Turkish Bank
- Type: Incorporation
- Industry: Financial services
- Predecessor: Türk Bankası Ltd.
- Founded: 1 July 1901; 125 years ago
- Headquarters: Nişantaşı, Istanbul, Turkey
- Number of locations: 40
- Area served: Northern Cyprus Turkey United Kingdom
- Key people: Hakan Börteçene (Chairman)
- Products: Banking Investment banking Investment management
- Number of employees: 500+
- Parent: Turkish Bank Group
- Website: www.turkishbank.com/en

= Turkish Bank =

Banking corporation

Turkish Bank Group (Turkish: Türk Bankası) is a banking corporation established in 1901 as the Nicosia Savings Box in Cyprus to assist businesses by providing capital and financial support for local tradesmen.

By 1925, it had been turned into a savings bank, and by 1974 as Turkish Bank Ltd. (Turkish: Türk Bankası Ltd.) established branches in London. As of 2013, the bank is operating with branches in Haringay, Dalston, Edmonton, Lewisham and Palmers Green, along with headquarters and main branch located on Borough High Street near London Bridge.
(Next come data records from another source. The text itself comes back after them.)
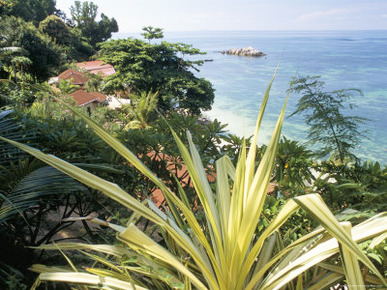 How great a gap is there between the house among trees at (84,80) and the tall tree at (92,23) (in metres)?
12.5

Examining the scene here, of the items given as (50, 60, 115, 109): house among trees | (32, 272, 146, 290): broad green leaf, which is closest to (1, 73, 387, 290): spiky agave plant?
(32, 272, 146, 290): broad green leaf

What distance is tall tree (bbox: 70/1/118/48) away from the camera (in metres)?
29.2

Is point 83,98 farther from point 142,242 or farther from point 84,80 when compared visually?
point 142,242

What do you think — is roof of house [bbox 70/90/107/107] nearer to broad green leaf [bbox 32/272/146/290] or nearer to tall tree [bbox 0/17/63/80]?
tall tree [bbox 0/17/63/80]

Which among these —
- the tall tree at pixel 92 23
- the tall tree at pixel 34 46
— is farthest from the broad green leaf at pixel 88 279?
the tall tree at pixel 92 23

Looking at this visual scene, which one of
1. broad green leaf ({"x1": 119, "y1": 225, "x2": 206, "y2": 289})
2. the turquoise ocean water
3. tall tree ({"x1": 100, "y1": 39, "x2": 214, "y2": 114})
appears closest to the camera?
broad green leaf ({"x1": 119, "y1": 225, "x2": 206, "y2": 289})

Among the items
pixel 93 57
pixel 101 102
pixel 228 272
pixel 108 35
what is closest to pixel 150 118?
pixel 101 102

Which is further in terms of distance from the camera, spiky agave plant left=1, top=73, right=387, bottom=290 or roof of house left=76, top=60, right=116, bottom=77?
roof of house left=76, top=60, right=116, bottom=77

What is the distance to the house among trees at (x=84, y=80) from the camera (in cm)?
1097

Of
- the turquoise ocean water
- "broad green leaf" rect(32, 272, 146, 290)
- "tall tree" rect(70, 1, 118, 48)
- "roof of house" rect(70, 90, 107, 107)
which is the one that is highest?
"tall tree" rect(70, 1, 118, 48)

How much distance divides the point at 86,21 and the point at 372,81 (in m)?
32.6

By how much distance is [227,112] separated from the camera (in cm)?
2277

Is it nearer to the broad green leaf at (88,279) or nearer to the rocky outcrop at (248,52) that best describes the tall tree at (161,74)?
the broad green leaf at (88,279)

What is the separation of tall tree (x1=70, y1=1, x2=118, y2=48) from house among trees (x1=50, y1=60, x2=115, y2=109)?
1251 cm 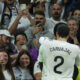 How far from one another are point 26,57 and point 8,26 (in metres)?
1.71

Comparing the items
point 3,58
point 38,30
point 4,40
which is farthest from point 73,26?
point 3,58

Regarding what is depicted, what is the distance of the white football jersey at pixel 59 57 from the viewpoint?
20.3 feet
Then in 1982, it opened its first branches on mainland Turkey, and in 1993 it issued its first credit cards.

It now operates under several names:
- Turkish Bank A.Ş. as a private bank (alongside Turkish Yatırım A.Ş) as an investment brokerage service.
- Allied Turkish Bank as an offshore bank in Northern Cyprus
- Türk Bankası Ltd. as a retail bank (19 branches) in Northern Cyprus
- Turkish Bank (UK) Ltd. in the United Kingdom
- Turkish Factoring (Turkey) as a factoring company
- Turkish Leasing (Turkey) as a leasing company

Turkish Bank Group established its presence in Turkey by opening a branch of Türk Bankası Ltd. In Istanbul in 1982. In 1988, a second branch in Izmir became operational. Next year, two more branches in Mersin and Ankara followed suit.

Turkish operations of the group were reorganized under a new separate entity when Turkish Bank A.Ş. was formed as an incorporated company at the end of 1991. In January 2008, paid-up capital reached 80 million Turkish lira.

In 2004, Levent; in 2005, Abdi İpekçi Private Banking; in 2006, Bayrampaşa and Adapazarı branches; in 2007 Pangaltı, Antalya, Ostim and Eskişehir; in 2008 Pendik and İstanbul corporate branches were opened. Currently, Turkish Bank has 19 locations inTurkey.

Turkish Bank is known in Turkey as being one of the most liquid banks.

Turkish Bank successfully becoming an independent member of the major UK payments schemes such as Bacs and Faster Payments. Another development was Türk Bankası Ltd., the group's Cypriot bank, signing a €5 million trade facilitation programme with the European Bank for Reconstruction and Development (EBRD).